Cadence, a restaurant with an exposed brick interior, a blue bar, and only eleven pink velvet seats inside, is located in the East Village, just around the corner from Tompkins Square Park. Cadence has gained rapid critical acclaim since its inception this spring: The New York Times named it one of the top 10 new New York restaurants of 2021 as well as one of their top 50 favorites in America, while Esquire put it to their top 40 in America. Why? Every dish in Chef Shenarri Freeman’s delectable, inventive take on soul food is vegan.
Crab cakes with chickpeas and hearts of palm, hot buffalo oyster mushroom sliders with pretzel buns, fried lasagna with pine nut ricotta, and cornbread with bee-free honey are among the dishes Freeman prepares at Cadence. Meanwhile, all of the wines on the menu are from Black-owned vineyards, such as Brown Estate in Napa Valley and Isiah Thomas’s Cheurlin Champagne.
Freeman, 28, grew up in a large family in Richmond, Virginia (22 first cousins and counting).

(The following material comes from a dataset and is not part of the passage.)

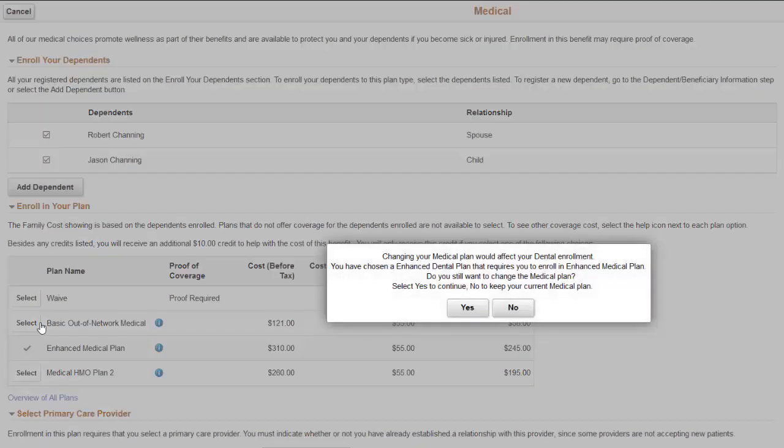In this case, cross-plan validation is enabled, so the system shows a message informing your employee that they will not be allowed to participate in the enhanced dental plan if they continue.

From Thanksgiving meal to their Fourth of July picnic and Christmas brunch at Freeman’s mother’s place, food was at the heart of their relationship. She recalls, “There was always a lot of soul food—fried oysters, chitlins, certain basics.” “When it comes to soul food, there’s a little bit more love, thought, and care put into it,” she said, recalling a happy memory.
It aroused her interest in cooking as well. She worked as a line chef at a local music venue while attending Howard University in Washington, D.C., which led to a manager position at the popular downtown hangout Marvin. She enjoyed working in the hospitality sector, but the nocturnal lifestyle it demanded began to have an adverse effect on her health. “That simply meant a lot of late nights—a lot of Jameson, things like that—and not really keeping up with my health or my diet,” she says. “I was working too hard and not paying enough attention to my health.” As a result, she decided to make a lifestyle shift and became a vegan.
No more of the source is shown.